++++ Supplied records
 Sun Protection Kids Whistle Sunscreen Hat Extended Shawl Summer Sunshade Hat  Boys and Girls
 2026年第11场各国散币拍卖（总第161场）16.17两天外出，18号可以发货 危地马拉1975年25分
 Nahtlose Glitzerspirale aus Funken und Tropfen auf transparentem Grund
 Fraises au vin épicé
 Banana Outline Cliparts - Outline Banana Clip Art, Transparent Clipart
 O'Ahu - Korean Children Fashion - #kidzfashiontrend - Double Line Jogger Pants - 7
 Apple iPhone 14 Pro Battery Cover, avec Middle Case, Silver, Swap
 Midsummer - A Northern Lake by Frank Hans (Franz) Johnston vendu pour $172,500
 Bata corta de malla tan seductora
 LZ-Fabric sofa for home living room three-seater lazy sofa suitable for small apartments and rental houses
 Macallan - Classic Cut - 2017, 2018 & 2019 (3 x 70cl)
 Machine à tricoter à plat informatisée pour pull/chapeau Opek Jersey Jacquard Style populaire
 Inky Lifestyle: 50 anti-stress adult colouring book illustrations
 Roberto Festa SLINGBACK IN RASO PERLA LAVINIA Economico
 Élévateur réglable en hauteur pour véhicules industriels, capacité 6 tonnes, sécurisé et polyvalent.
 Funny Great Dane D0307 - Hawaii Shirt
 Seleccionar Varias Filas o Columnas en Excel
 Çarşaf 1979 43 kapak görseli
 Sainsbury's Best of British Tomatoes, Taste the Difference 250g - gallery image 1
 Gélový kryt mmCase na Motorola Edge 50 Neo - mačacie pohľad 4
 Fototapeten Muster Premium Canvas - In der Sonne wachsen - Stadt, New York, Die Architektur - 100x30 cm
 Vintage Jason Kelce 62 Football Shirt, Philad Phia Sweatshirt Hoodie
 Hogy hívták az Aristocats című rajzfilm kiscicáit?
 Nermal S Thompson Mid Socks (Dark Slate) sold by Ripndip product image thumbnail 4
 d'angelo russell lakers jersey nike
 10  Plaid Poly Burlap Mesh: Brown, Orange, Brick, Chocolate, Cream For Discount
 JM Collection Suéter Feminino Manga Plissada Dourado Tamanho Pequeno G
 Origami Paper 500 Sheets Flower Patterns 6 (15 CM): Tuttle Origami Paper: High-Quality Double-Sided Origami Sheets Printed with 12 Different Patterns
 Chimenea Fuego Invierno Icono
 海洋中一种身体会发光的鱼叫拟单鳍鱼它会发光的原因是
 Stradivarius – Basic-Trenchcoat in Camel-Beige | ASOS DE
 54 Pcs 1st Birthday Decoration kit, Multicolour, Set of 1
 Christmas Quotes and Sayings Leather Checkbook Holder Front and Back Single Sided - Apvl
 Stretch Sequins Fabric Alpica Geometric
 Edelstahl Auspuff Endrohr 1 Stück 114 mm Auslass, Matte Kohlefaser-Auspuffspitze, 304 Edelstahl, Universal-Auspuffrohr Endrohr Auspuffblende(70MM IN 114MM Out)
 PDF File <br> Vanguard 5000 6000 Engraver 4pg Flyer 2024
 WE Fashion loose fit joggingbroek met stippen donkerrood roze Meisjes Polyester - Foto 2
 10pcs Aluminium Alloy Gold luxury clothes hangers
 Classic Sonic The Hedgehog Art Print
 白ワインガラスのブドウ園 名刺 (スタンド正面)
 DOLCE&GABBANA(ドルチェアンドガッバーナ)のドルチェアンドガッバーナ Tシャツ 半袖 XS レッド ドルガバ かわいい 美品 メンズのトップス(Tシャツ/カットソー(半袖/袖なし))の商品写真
++++++++
#### Assigned task:
For each line in the records that holds "Classic", show that line as it stands.

#### Solved problem:
 Macallan - Classic Cut - 2017, 2018 & 2019 (3 x 70cl)
 Classic Sonic The Hedgehog Art Print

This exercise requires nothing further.